Protesters in New Paltz repeated their opinion loud and clear regarding the use of hydraulic-fracturing in their region – “no fracking way.”
Shoeless, tie-dyed and impassioned members of New Paltz’s campus and village community gathered on Old Main Quad and marched through village streets Friday, April 29, to rally against the use of hydraulic fracturing in New York.
Melanie Glenn, an organizer of the rally, said the march was a way for New Paltz to have their opinions heard regarding the use of the controversial natural gas extraction process.
“This is our action,” Glenn said. “This is a democracy and our voice matters.”
The march and rally was intended to be an action that capped off Sustainable Action Week at SUNY New Paltz. Organizers said they hoped participants of the week’s events would take the information they’ve learned and fight for a moratorium on the use of the controversial process.
The rally capped a seven-day series of events which, according to the goals published by the group’s working during the week, was envisioned to spread community consciousness and understand resource consumption habits to then use the knowledge to bring sustainable solutions to the New Paltz community. The week’s events included multiple fairs, guest speakers, documentary showings and a campus farmer’s market.

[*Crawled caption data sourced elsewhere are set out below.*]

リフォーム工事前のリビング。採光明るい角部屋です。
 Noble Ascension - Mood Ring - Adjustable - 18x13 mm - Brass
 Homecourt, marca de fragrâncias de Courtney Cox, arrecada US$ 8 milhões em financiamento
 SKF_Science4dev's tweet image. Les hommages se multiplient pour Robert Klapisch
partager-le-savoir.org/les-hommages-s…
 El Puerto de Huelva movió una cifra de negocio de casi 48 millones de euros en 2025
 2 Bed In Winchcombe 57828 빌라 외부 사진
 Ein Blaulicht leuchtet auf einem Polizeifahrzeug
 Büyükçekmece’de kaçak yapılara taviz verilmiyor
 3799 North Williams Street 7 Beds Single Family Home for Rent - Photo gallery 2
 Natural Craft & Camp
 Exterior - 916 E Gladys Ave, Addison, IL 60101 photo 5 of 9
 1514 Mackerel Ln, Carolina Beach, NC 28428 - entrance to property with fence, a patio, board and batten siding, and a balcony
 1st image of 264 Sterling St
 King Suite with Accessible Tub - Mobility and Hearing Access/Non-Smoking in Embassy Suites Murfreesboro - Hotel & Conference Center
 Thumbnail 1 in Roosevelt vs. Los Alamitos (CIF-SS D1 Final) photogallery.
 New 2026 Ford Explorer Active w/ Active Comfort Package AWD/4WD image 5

Village resident and member of the Climate Action Coalition of New Paltz Rosalyn Cherry said the protesters intended to end their march by calling Gov. Andrew Cuomo and Department of Environmental Conservation Commissioner Joe Martins to show them that members of the community are against fracking.
Students for Sustainable Agriculture President Yael Krevsky said she hoped the march would inspire the New Paltz community to think of innovative ways to fight against hydraulic fracturing.
“I hope that the New Paltz community becomes more engaged with events like this,” Krevsky said. “I’m glad it started on campus and then into town and mobilized the larger community. I hope this is a stepping stone for more great things to come.”
Hydraulic-fracturing has been debated among Hudson Valley residents. According to the Environmental Protection Agency’s website, the process hydraulic-fracturing fires pressurized fluids into rock formations, fissuring and splintering them and allowing drilling companies to extract natural gas from within the shale.
Protesters argued that the process is hazardous to the health of the environment and those living within it, believing the extraction can contaminate drinking water and the fluid injected into the rock includes hazardous chemicals.
Environmental Task Force Co-chair Ariana Basco, who was recently elected to be a village trustee, participated in the rally and said fracking was an issue she wanted to protest against.
“I think we should ban fracking,” Basco said. “It’s not a safe process and we are putting our drinking water at risk, our lives at risk. I think we can have a world that is a lot better and I want to pass that onto future generations.”
The gas drilling industry has said it is impossible for the fluids to enter groundwater, and United States Environmental Protection Agency (EPA) scientists have been unable to investigate claims of contamination because the identity of chemicals used in fracking are protected as trade secrets – an exemption the EPA cannot override under the 2005 Energy Policy Act.
Students and village residents painted signs hours before the march, urging the public to support their cause while other protesters worked on puppets or larger signs to show the village. Large white spinning windmills covered the sunlit quad, attracting passerbys and interested students.
Before leaving, Glenn stood atop a table and drove her fist into the air, gathering the crowd in front of her. Members of the group loudly beat drums and made noise before assembling in a large circle and joining hands.
“Raise your hand if you want renewable energy!” Glenn said before leading the group off campus. “Are you ready?”
After engaging oncoming cars and casual members of the village on Main Street, the march ended on the lawn of the Department of Environmental Conservation at 21 S. Putt Corners Rd.
While there, speakers including Ulster County Legislator Susan Zimit, and SUNY New Paltz Professor Donna Flayhan. Village Trustee Shari Osborn also spoke, explaining current legislation regarding hydro-fracking, the potential health hazards and the shale that sits beneath the village of New Paltz.
Osborn’s legislation would ban the use of fracking in the municipality and not allow the material to be transported through or dumped on properties within New Paltz.
Jim Krivo, a local activist and musician, also led the protesters in songs written by the different groups before members of the community performed small skits –portraying characters such as drilling executives, affected townspeople and a polar bear.
Sitting on the steps of Old Library and looking out at the tables, wind mills and banners across Old Main Quad, Cherry said she hoped the rally could lead to future action from those who attended.
“You have an idea and you can actually do it. Look at this,” Cherry said. “It’s amazing how everything has fallen in place.”